Eleven years ago this March I was diagnosed with a bizarre strain of viral encephalitis. It did serious damage to my memory, as well to the connection between my brain and my body. At one point I didn’t know who the president was. I knew who Bill Clinton was but I didn’t think that he was president. Later, I forgot my wife’s name. But we had only been married 22 years, so I consider that short term memory loss! Once we’re married for 50 years, I’ll have no excuse. I even forgot my own name a couple of times.

I was in a wheelchair for more than nine months. And I was exhausted all the time. During the summer after I contracted the disease, I was sleeping 22 hours a day. I couldn’t read, I couldn’t study. I would be hot one second, cold the next. I would sweat while wearing a short sleeve shirt in the snow. Bright lights really affected me, and still do. The neurologists finally decided to give me a rather potent drug by IV, known as Gancyclovir. This drug has been the prescribed treatment for HIV patients. It cost us almost $1000 a day for the drug. Pati would administer it in two 90 minute doses—a slow drip IV. She had to put on new rubber gloves each time because the drug was toxic and could burn through almost anything. A nurse had to take my blood twice a week to see if this napalm for the body was doing any other damage, like to vital organs.

When I had been on Gancyclovir for about a month, I had one of the most bizarre episodes of the encephalitis. It was June 6, and I began hallucinating. I was in bed (as usual), with not even enough energy to walk. But all of a sudden, I thought I was a marine on Gold Beach on D-Day. I jumped up out of bed and ran smack into the wall! I fell over and couldn’t move. Shortly after that, four big paramedics strapped me in a gurney and hauled me down to Parkland Hospital in Dallas (where JFK had been brought). During the ride, I seemed calm enough to the paramedic sitting next to me that he offered to unstrap me. I told him I didn’t think it was a good idea because I kept hallucinating that I was fighting dragons in medieval Europe!

By October 1997, I found myself at the Mayo Clinic. They never could figure out exactly the strain of encephalitis I had. The CDC never figured it out either. It has taken years to recover, and I’m still not 100%. If I get too tired or too hot, the first thing that goes is my legs. But I’m learning to cope with it and not work too hard. I used to run on 4 hours of sleep a night, but I can’t do that any more.

Through the whole experience, one thing I learned was how much God’s people care for one another. Folks were jumping out of the woodwork to bring us meals, help us with housecleaning, and help with paying the bills. I can honestly say that I’m grateful for having gone through it.

My Greek grammar had come out in the summer of 1996. I had spent seventeen years working on it, taking it through five pre-publication drafts that had been used in the classroom since 1979. In the fall of 1997, when I was teaching intermediate Greek again, I found myself not recognizing very much that was in the grammar.

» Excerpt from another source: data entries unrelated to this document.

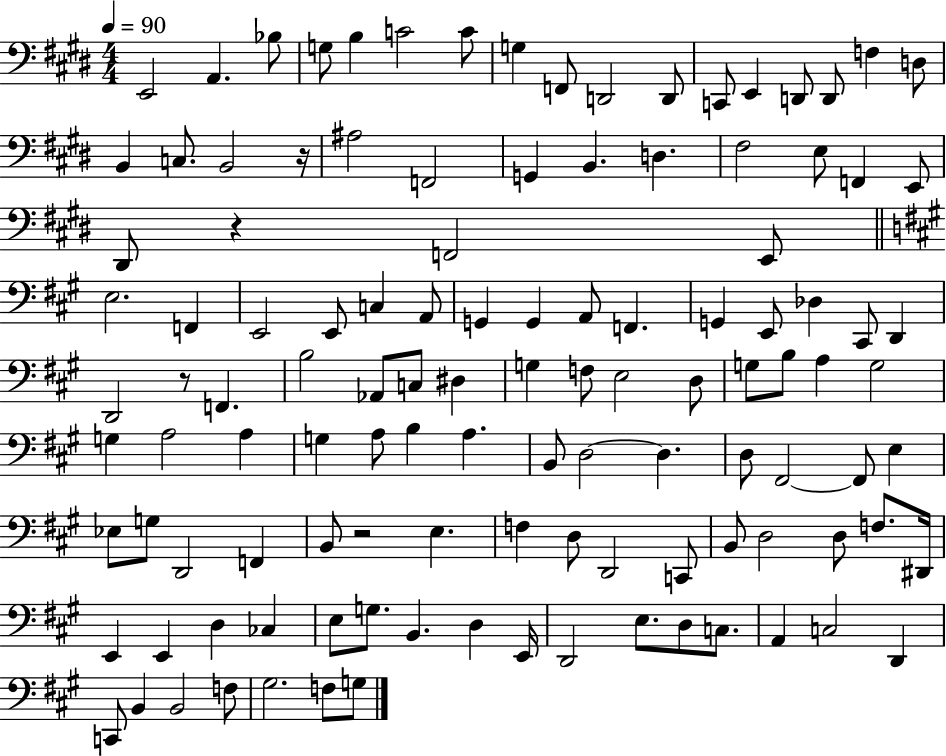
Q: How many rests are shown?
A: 4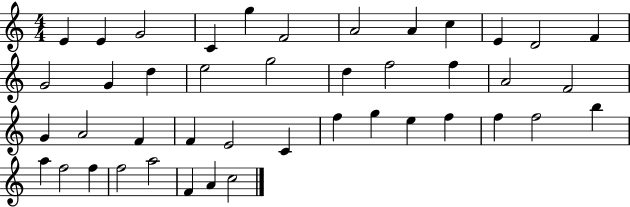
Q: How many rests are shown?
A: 0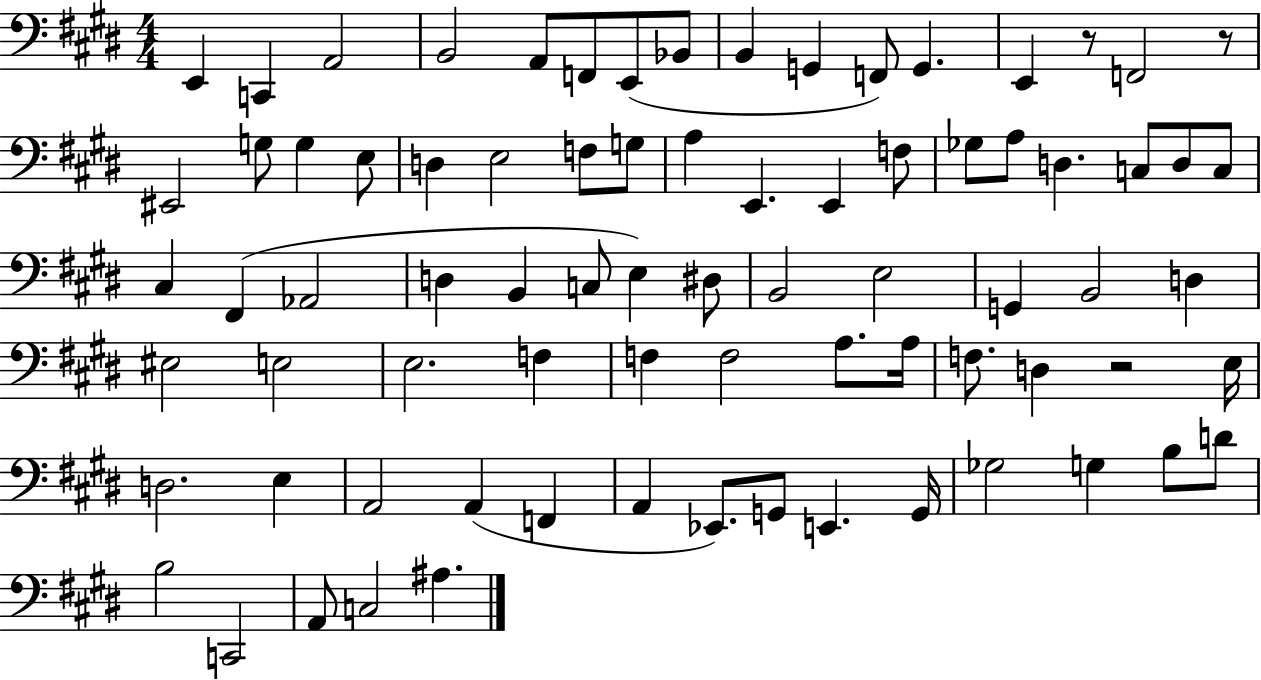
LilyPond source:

{
  \clef bass
  \numericTimeSignature
  \time 4/4
  \key e \major
  e,4 c,4 a,2 | b,2 a,8 f,8 e,8( bes,8 | b,4 g,4 f,8) g,4. | e,4 r8 f,2 r8 | \break eis,2 g8 g4 e8 | d4 e2 f8 g8 | a4 e,4. e,4 f8 | ges8 a8 d4. c8 d8 c8 | \break cis4 fis,4( aes,2 | d4 b,4 c8 e4) dis8 | b,2 e2 | g,4 b,2 d4 | \break eis2 e2 | e2. f4 | f4 f2 a8. a16 | f8. d4 r2 e16 | \break d2. e4 | a,2 a,4( f,4 | a,4 ees,8.) g,8 e,4. g,16 | ges2 g4 b8 d'8 | \break b2 c,2 | a,8 c2 ais4. | \bar "|."
}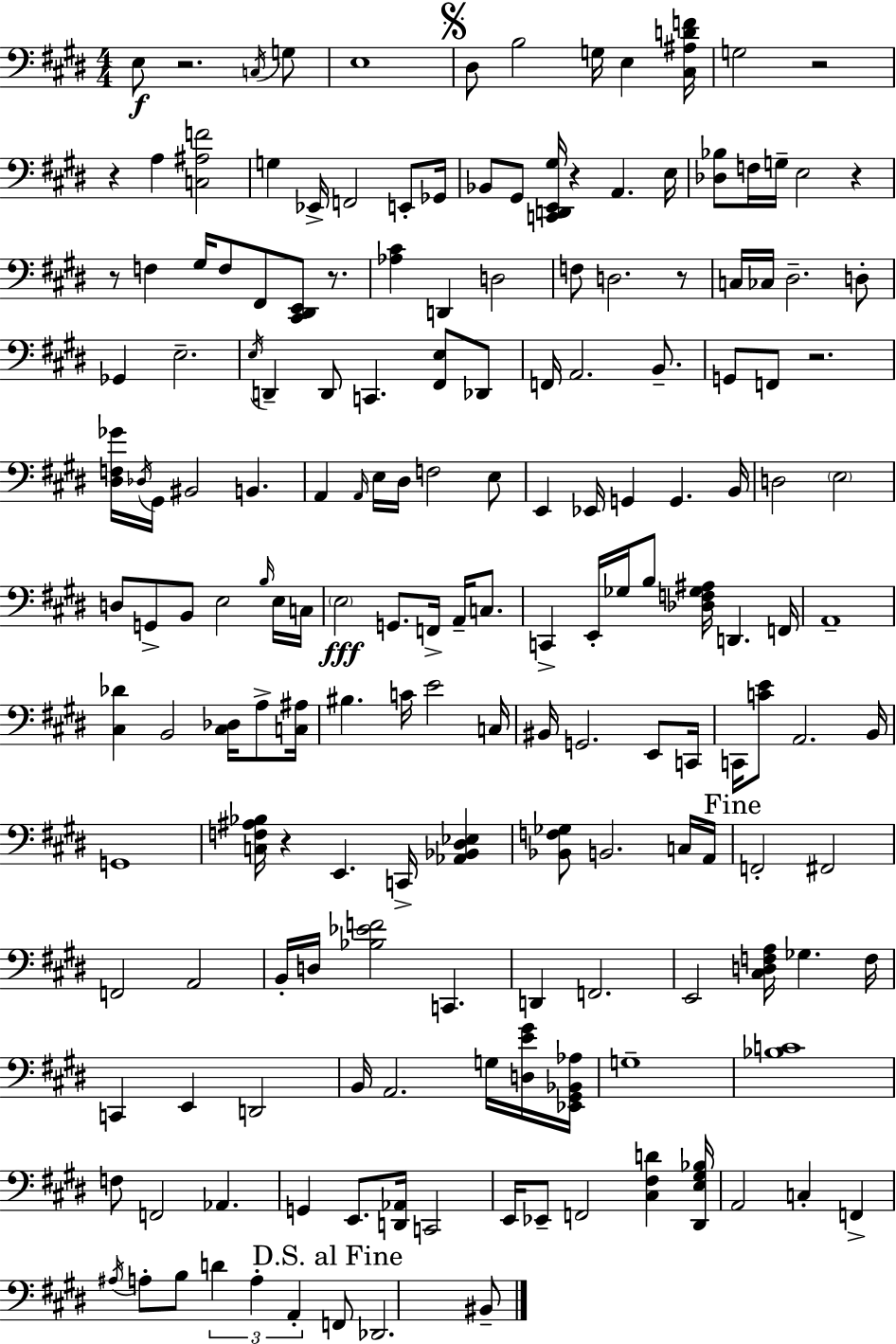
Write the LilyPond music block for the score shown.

{
  \clef bass
  \numericTimeSignature
  \time 4/4
  \key e \major
  e8\f r2. \acciaccatura { c16 } g8 | e1 | \mark \markup { \musicglyph "scripts.segno" } dis8 b2 g16 e4 | <cis ais d' f'>16 g2 r2 | \break r4 a4 <c ais f'>2 | g4 ees,16-> f,2 e,8-. | ges,16 bes,8 gis,8 <c, d, e, gis>16 r4 a,4. | e16 <des bes>8 f16 g16-- e2 r4 | \break r8 f4 gis16 f8 fis,8 <cis, dis, e,>8 r8. | <aes cis'>4 d,4 d2 | f8 d2. r8 | c16 ces16 dis2.-- d8-. | \break ges,4 e2.-- | \acciaccatura { e16 } d,4-- d,8 c,4. <fis, e>8 | des,8 f,16 a,2. b,8.-- | g,8 f,8 r2. | \break <dis f ges'>16 \acciaccatura { des16 } gis,16 bis,2 b,4. | a,4 \grace { a,16 } e16 dis16 f2 | e8 e,4 ees,16 g,4 g,4. | b,16 d2 \parenthesize e2 | \break d8 g,8-> b,8 e2 | \grace { b16 } e16 c16 \parenthesize e2\fff g,8. | f,16-> a,16-- c8. c,4-> e,16-. ges16 b8 <des f ges ais>16 d,4. | f,16 a,1-- | \break <cis des'>4 b,2 | <cis des>16 a8-> <c ais>16 bis4. c'16 e'2 | c16 bis,16 g,2. | e,8 c,16 c,16 <c' e'>8 a,2. | \break b,16 g,1 | <c f ais bes>16 r4 e,4. | c,16-> <aes, bes, dis ees>4 <bes, f ges>8 b,2. | c16 a,16 \mark "Fine" f,2-. fis,2 | \break f,2 a,2 | b,16-. d16 <bes ees' f'>2 c,4. | d,4 f,2. | e,2 <cis d f a>16 ges4. | \break f16 c,4 e,4 d,2 | b,16 a,2. | g16 <d e' gis'>16 <ees, gis, bes, aes>16 g1-- | <bes c'>1 | \break f8 f,2 aes,4. | g,4 e,8. <d, aes,>16 c,2 | e,16 ees,8-- f,2 | <cis fis d'>4 <dis, e gis bes>16 a,2 c4-. | \break f,4-> \acciaccatura { ais16 } a8-. b8 \tuplet 3/2 { d'4 a4-. | a,4-. } \mark "D.S. al Fine" f,8 des,2. | bis,8-- \bar "|."
}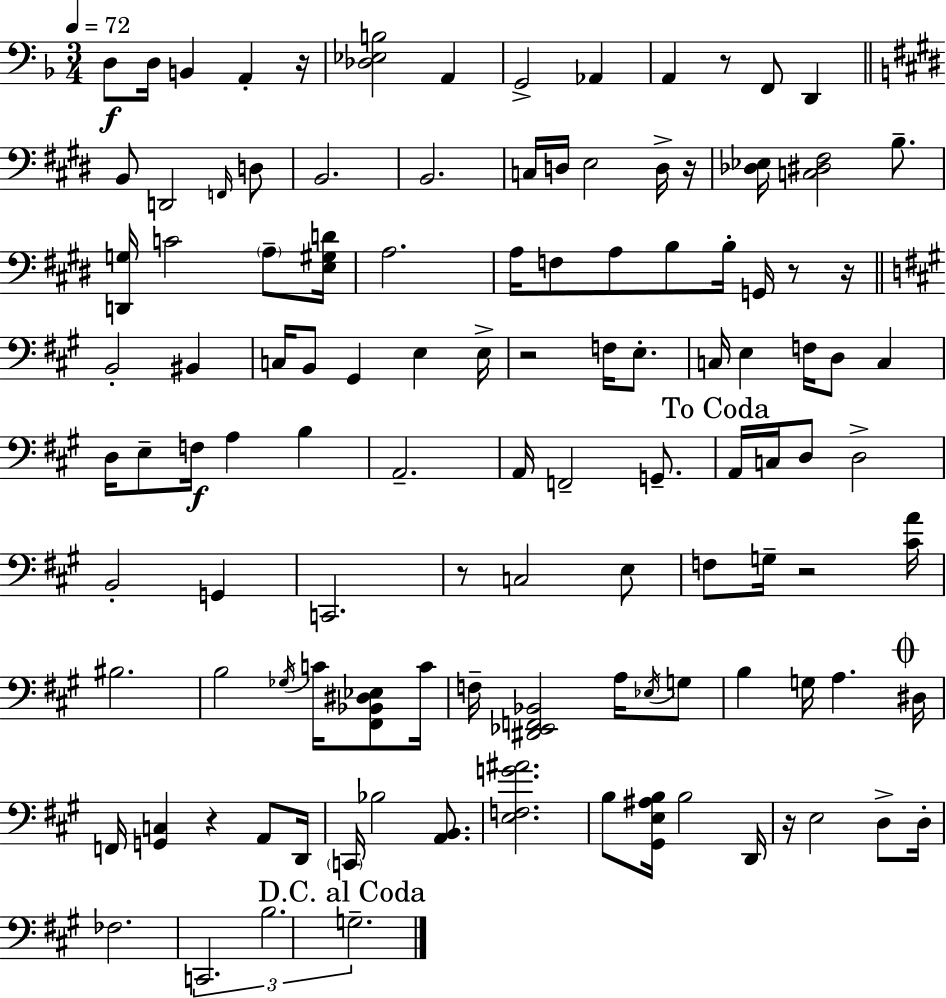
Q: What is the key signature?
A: D minor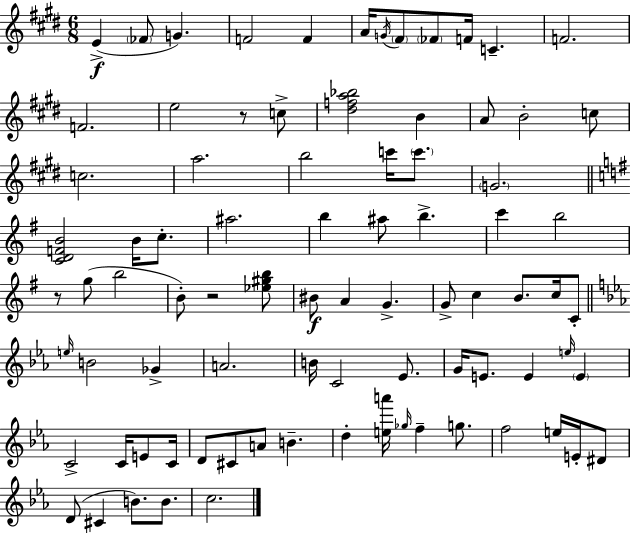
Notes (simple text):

E4/q FES4/e G4/q. F4/h F4/q A4/s G4/s F#4/e FES4/e F4/s C4/q. F4/h. F4/h. E5/h R/e C5/e [D#5,F5,A5,Bb5]/h B4/q A4/e B4/h C5/e C5/h. A5/h. B5/h C6/s C6/e. G4/h. [C4,D4,F4,B4]/h B4/s C5/e. A#5/h. B5/q A#5/e B5/q. C6/q B5/h R/e G5/e B5/h B4/e R/h [Eb5,G#5,B5]/e BIS4/e A4/q G4/q. G4/e C5/q B4/e. C5/s C4/e E5/s B4/h Gb4/q A4/h. B4/s C4/h Eb4/e. G4/s E4/e. E4/q E5/s E4/q C4/h C4/s E4/e C4/s D4/e C#4/e A4/e B4/q. D5/q [E5,A6]/s Gb5/s F5/q G5/e. F5/h E5/s E4/s D#4/e D4/e C#4/q B4/e. B4/e. C5/h.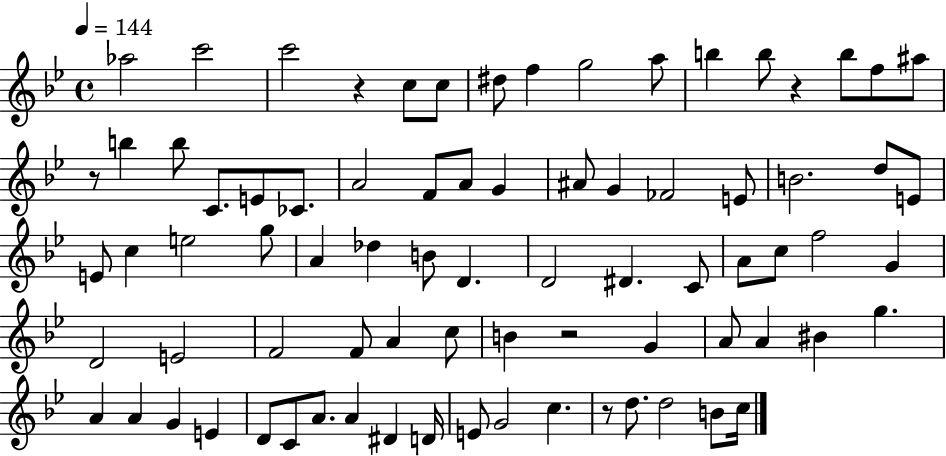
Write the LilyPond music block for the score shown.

{
  \clef treble
  \time 4/4
  \defaultTimeSignature
  \key bes \major
  \tempo 4 = 144
  aes''2 c'''2 | c'''2 r4 c''8 c''8 | dis''8 f''4 g''2 a''8 | b''4 b''8 r4 b''8 f''8 ais''8 | \break r8 b''4 b''8 c'8. e'8 ces'8. | a'2 f'8 a'8 g'4 | ais'8 g'4 fes'2 e'8 | b'2. d''8 e'8 | \break e'8 c''4 e''2 g''8 | a'4 des''4 b'8 d'4. | d'2 dis'4. c'8 | a'8 c''8 f''2 g'4 | \break d'2 e'2 | f'2 f'8 a'4 c''8 | b'4 r2 g'4 | a'8 a'4 bis'4 g''4. | \break a'4 a'4 g'4 e'4 | d'8 c'8 a'8. a'4 dis'4 d'16 | e'8 g'2 c''4. | r8 d''8. d''2 b'8 c''16 | \break \bar "|."
}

I couldn’t even understand the concepts, let alone recognize that these were my words! Then I discovered that even my basic Greek skills—parsing, vocabulary, translating—had all but disappeared. I had to relearn Greek in the midst of teaching it. I was teaching first-year Greek at the same time, and that helped me to relearn the basics. It was a very difficult year though, because I was really only one step ahead of the hounds all year. As I kept coming back to Greek, the synapses in my brain began to kick in. It was easier relearning Greek the second time around, but the circumstances were a bit unusual, especially having to reread my own grammar to understand the language better.

Remarkably, one activity has not seemed to suffer at all from the disease: examining and photographing biblical manuscripts. I was in Athens last summer at the National Library, in the manuscript room. The temperature was about 100 degrees in the room. The room would be open for five hours a day. I would take no breaks—either for a meal or even to get a drink of water—and wonder where the time went when the day was over.